• **INFORMATION SUPPLIED**
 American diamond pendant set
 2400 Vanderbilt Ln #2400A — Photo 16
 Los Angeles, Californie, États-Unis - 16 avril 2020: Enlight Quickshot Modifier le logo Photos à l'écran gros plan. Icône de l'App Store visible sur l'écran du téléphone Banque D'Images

• **ACTIVITY**
From the line that contains "2400 Vanderbilt Ln #2400A — Photo 16" down to the last line of the listing above, repeat each line exactly, and include nothing else.

• **SOLUTION TO THIS PROBLEM**
 2400 Vanderbilt Ln #2400A — Photo 16
 Los Angeles, Californie, États-Unis - 16 avril 2020: Enlight Quickshot Modifier le logo Photos à l'écran gros plan. Icône de l'App Store visible sur l'écran du téléphone Banque D'Images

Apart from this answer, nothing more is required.